→ Your goal: Please copy every record below exactly and leave out the pictures.

(Scraped caption text data)
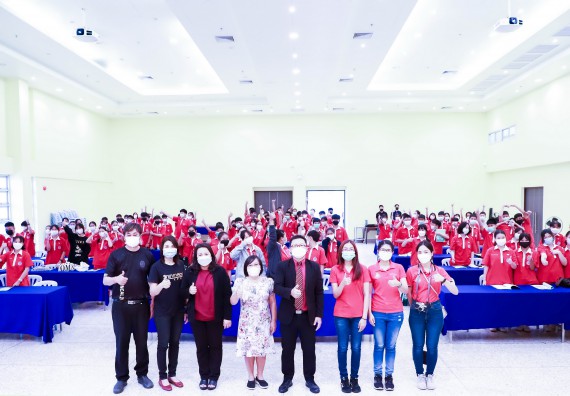 ภาพกิจกรรม  คณะวิทยาศาสตร์และเทคโนโลยี จัดโครงการค่ายวิทยาศาสตร์นักเรียนห้องเรียนพิเศษวิทยาศาสตร์  และโครงการค่ายวิทยาศาสตร์นักเรียนห้องเรียนพิเศษวิทยาศาสตร์เทคโนโลยี ภาษาอังกฤษ คณิตศาสตร์ (STEM) ระดับชั้นมัธยมศึกษาปีที่ 2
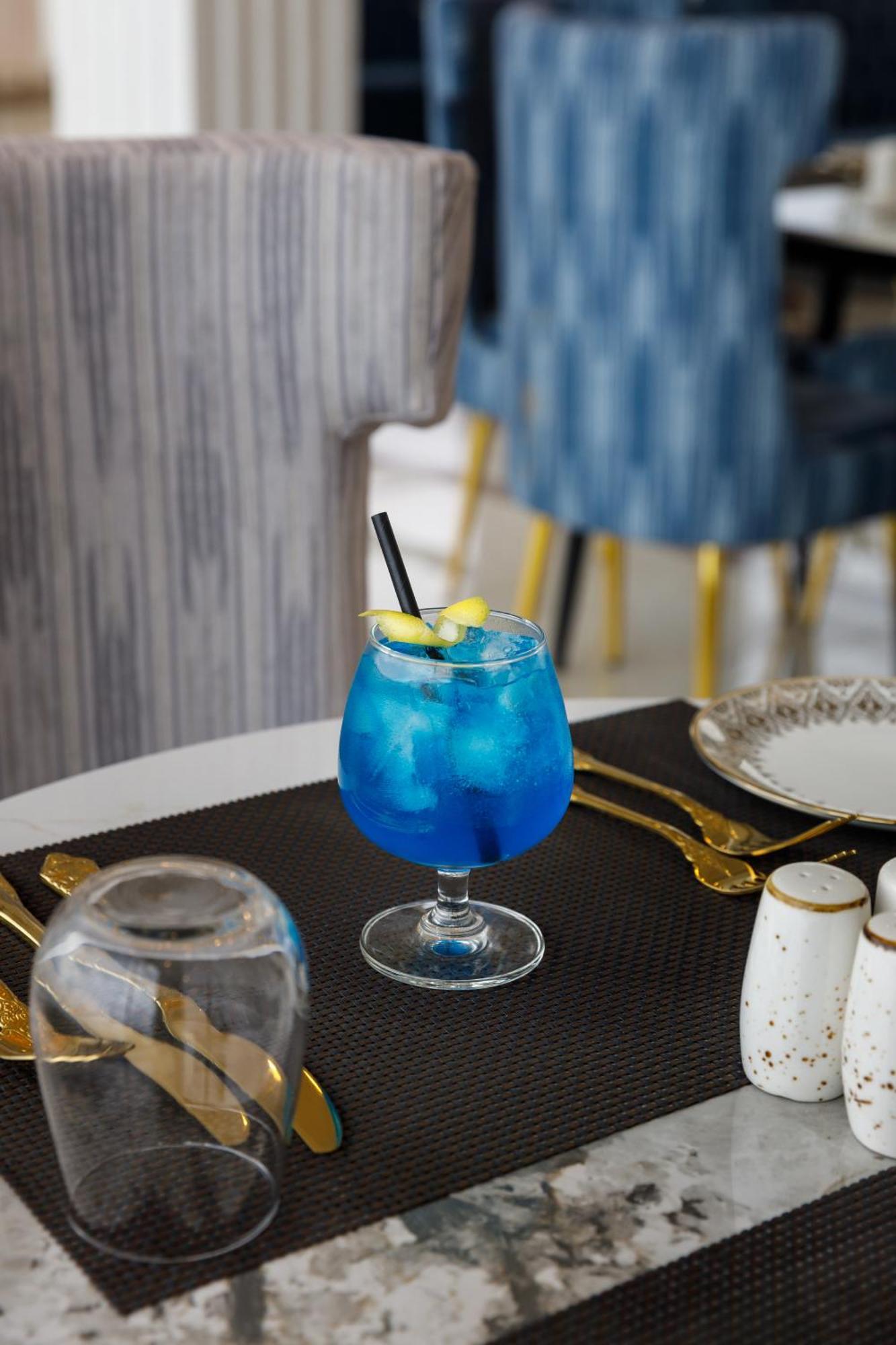 Le Glamour Resort & Wellness Spa Pokhara Zewnętrze zdjęcie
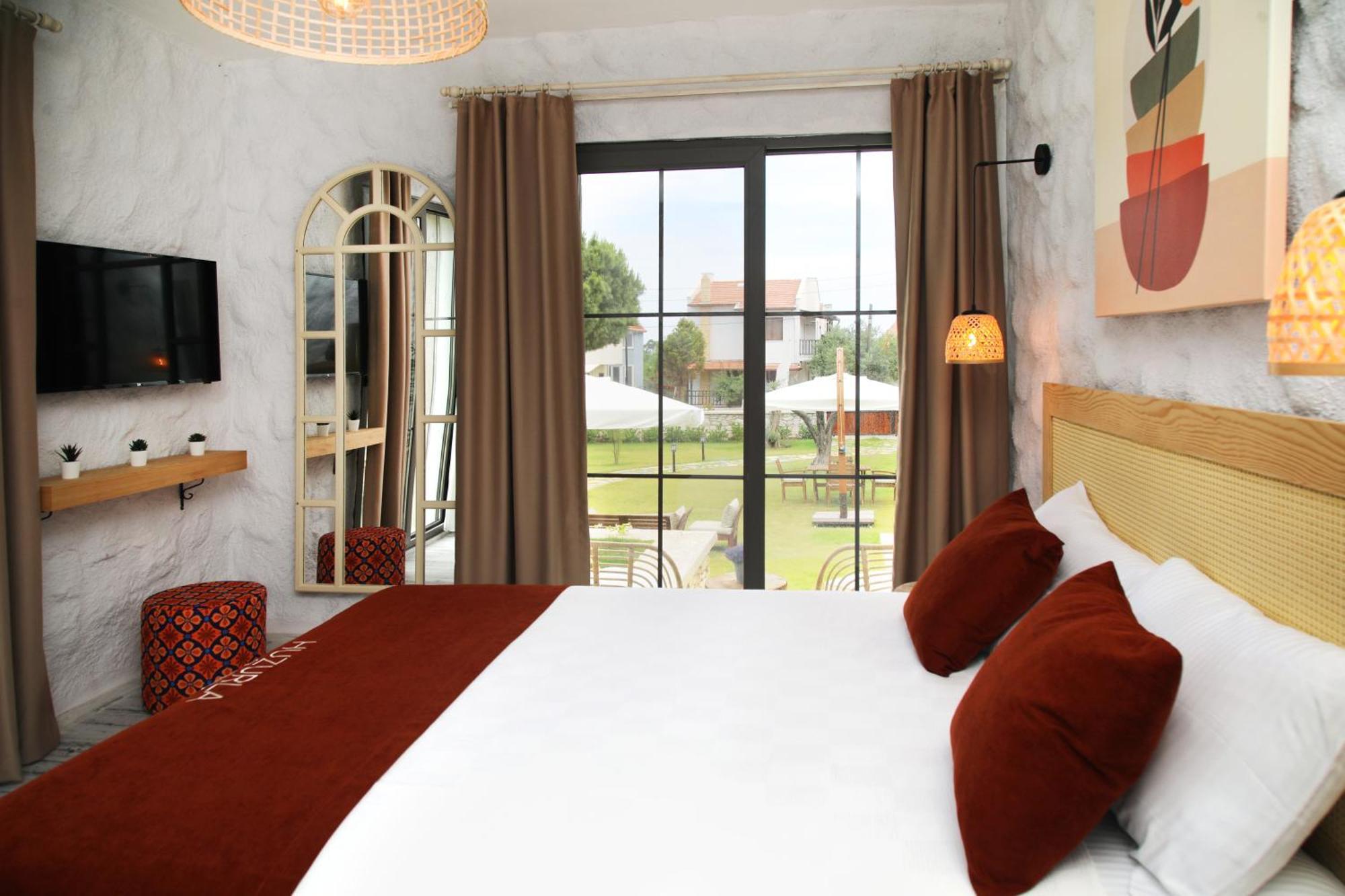 Huzurla Otel İzmir Exterior photo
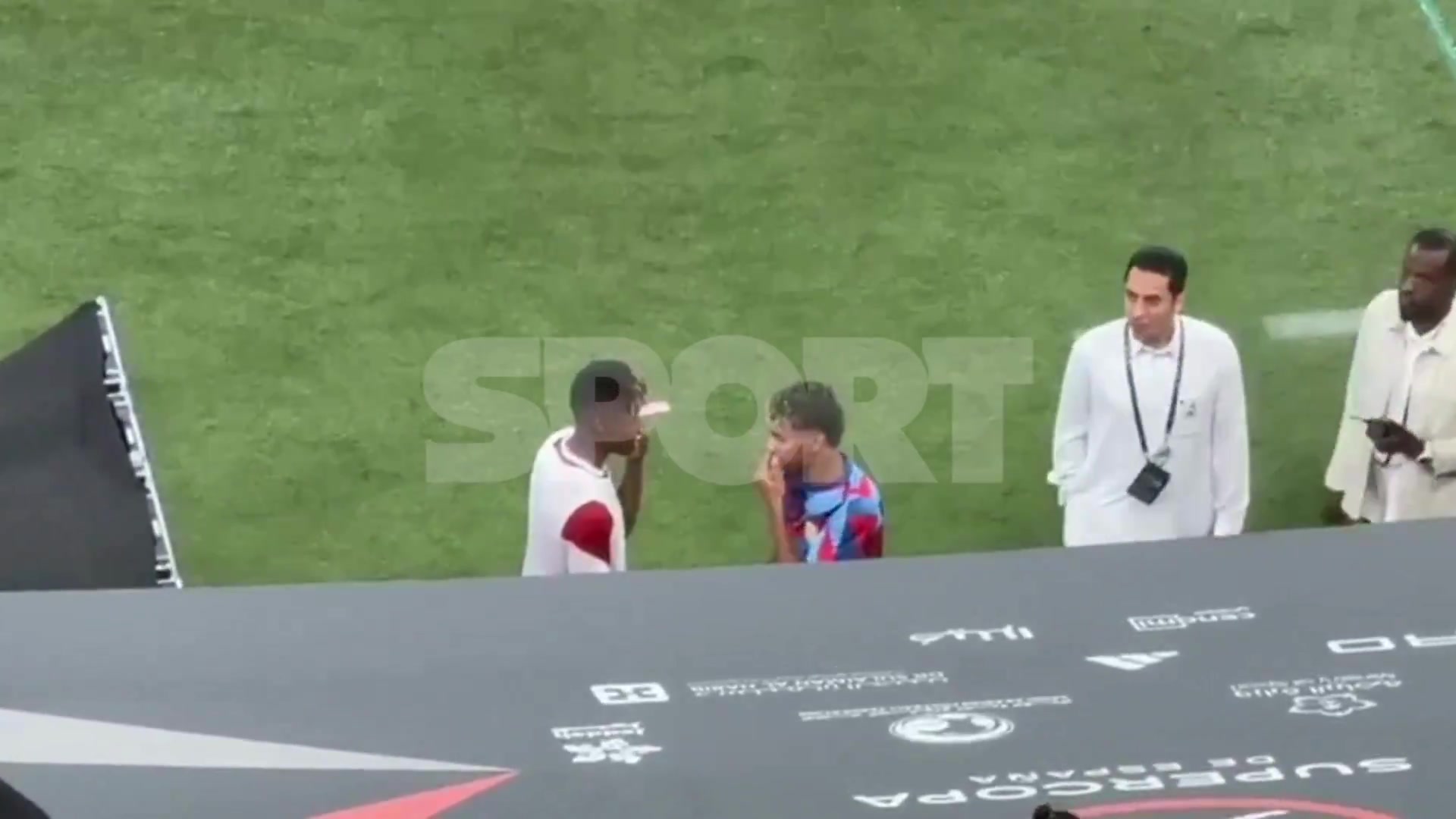 [推荐]实拍：亚马尔和尼科在场边聊天，俩人都没有代表球队首发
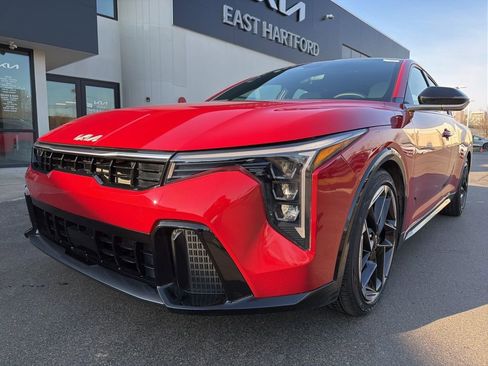 Used 2025 Kia K4 GT-Line w/ GT-Line Premium Package image 11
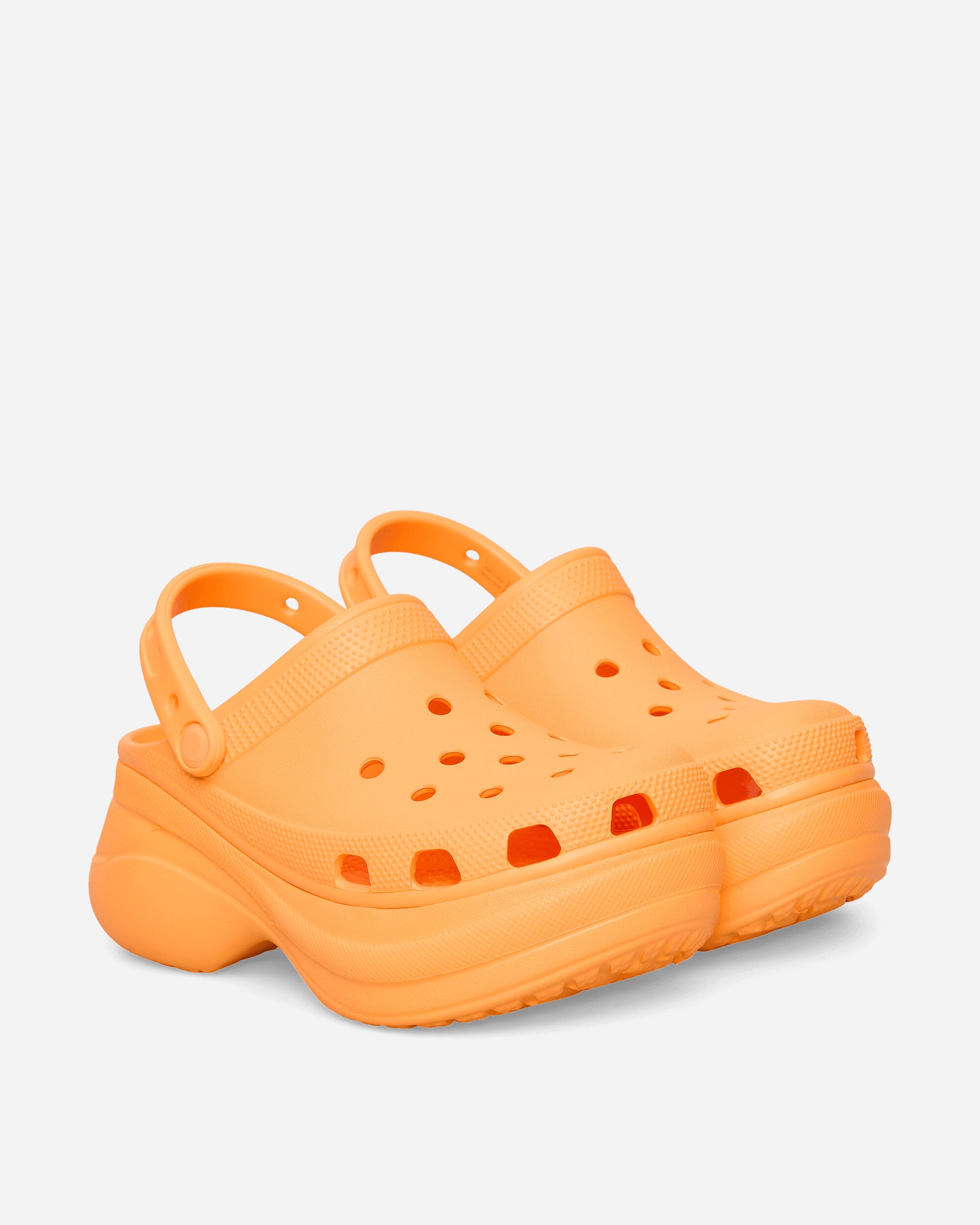 Crocs Wmns Bae Clog W Orangesicle Sandals and Slides Sandals and Mules CR.206302 ORLE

→ Answer space:
 ภาพกิจกรรม  คณะวิทยาศาสตร์และเทคโนโลยี จัดโครงการค่ายวิทยาศาสตร์นักเรียนห้องเรียนพิเศษวิทยาศาสตร์  และโครงการค่ายวิทยาศาสตร์นักเรียนห้องเรียนพิเศษวิทยาศาสตร์เทคโนโลยี ภาษาอังกฤษ คณิตศาสตร์ (STEM) ระดับชั้นมัธยมศึกษาปีที่ 2
 Le Glamour Resort & Wellness Spa Pokhara Zewnętrze zdjęcie
 Huzurla Otel İzmir Exterior photo
 [推荐]实拍：亚马尔和尼科在场边聊天，俩人都没有代表球队首发
 Used 2025 Kia K4 GT-Line w/ GT-Line Premium Package image 11
 Crocs Wmns Bae Clog W Orangesicle Sandals and Slides Sandals and Mules CR.206302 ORLE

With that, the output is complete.